Top of DATASET CONTENT

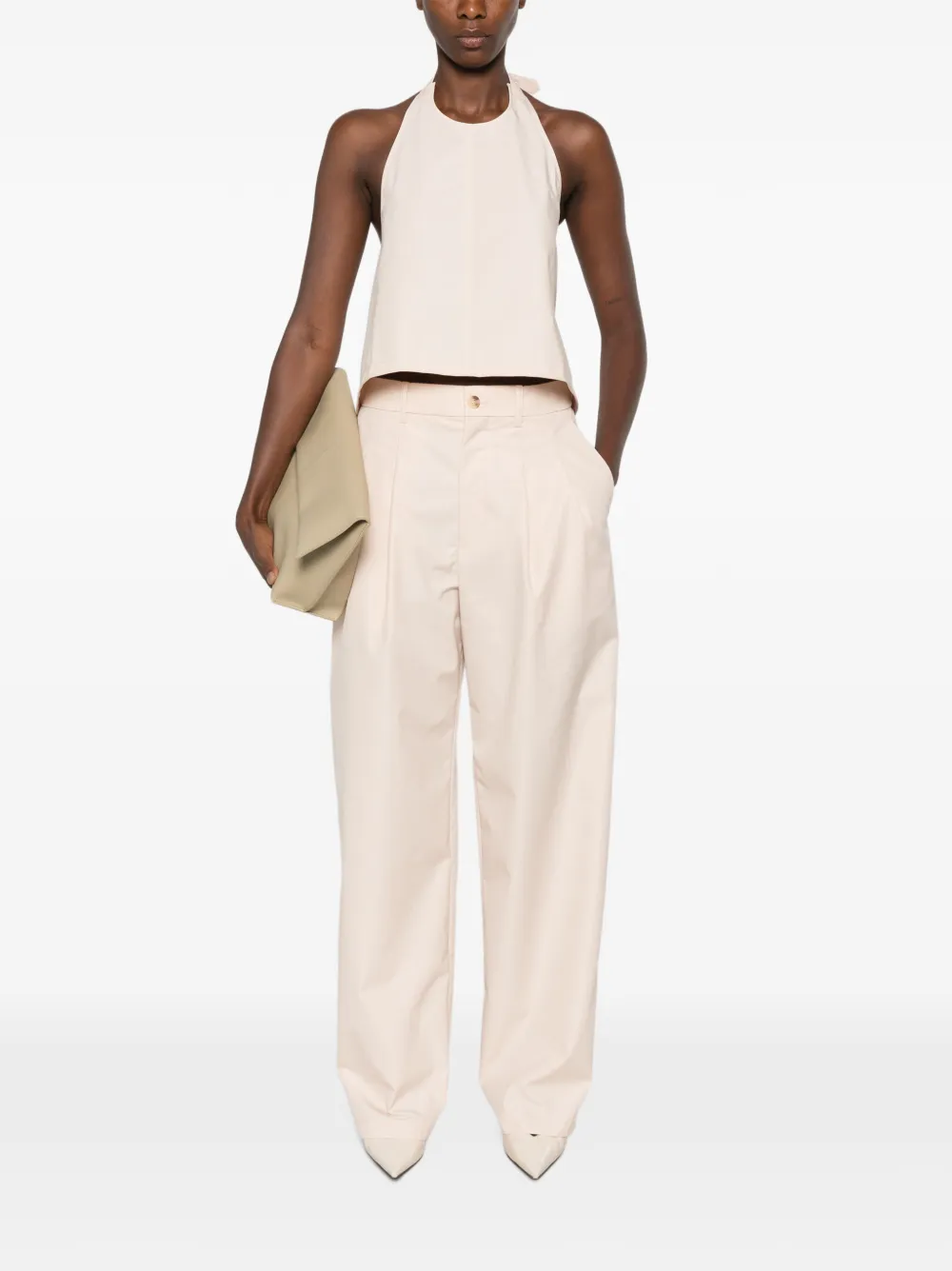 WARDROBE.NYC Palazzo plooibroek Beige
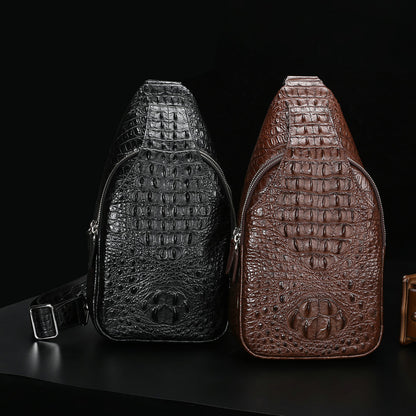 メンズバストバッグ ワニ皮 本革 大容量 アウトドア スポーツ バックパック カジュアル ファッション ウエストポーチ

Bottom of DATASET CONTENT
Top of DATASET CONTENT

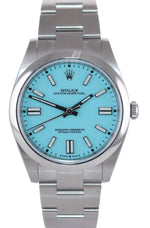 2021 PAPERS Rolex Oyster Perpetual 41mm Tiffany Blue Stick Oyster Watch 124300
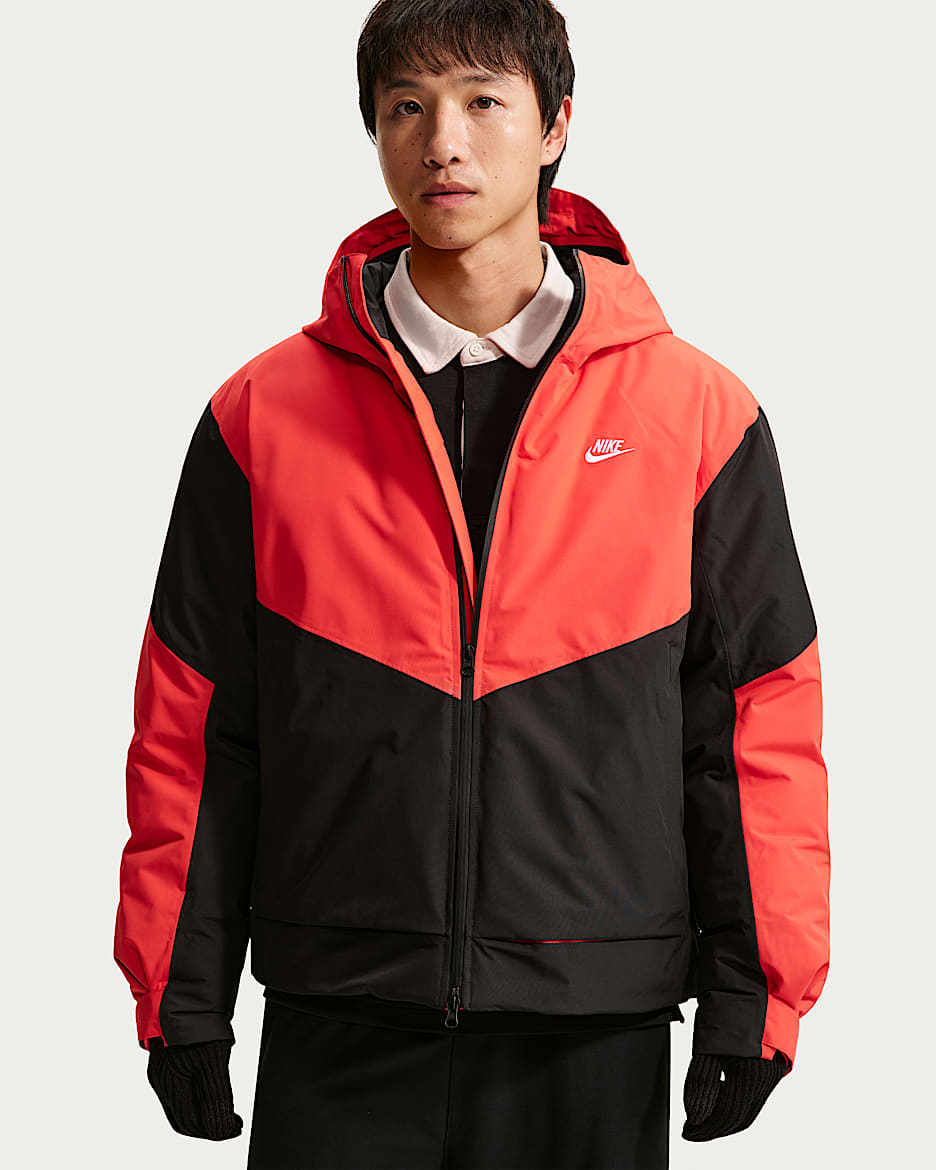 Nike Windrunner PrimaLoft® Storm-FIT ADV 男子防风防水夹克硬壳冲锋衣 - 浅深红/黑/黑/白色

Bottom of DATASET CONTENT

- [WHAT IS BEING ASKED] Within the data above, repeat exactly the lines from the one bearing "2021 PAPERS Rolex" through the one bearing "Nike Windrunner PrimaLoft®". Include no pictures and nothing else.

- [SOLUTION TO THE EXERCISE]
 2021 PAPERS Rolex Oyster Perpetual 41mm Tiffany Blue Stick Oyster Watch 124300
 Nike Windrunner PrimaLoft® Storm-FIT ADV 男子防风防水夹克硬壳冲锋衣 - 浅深红/黑/黑/白色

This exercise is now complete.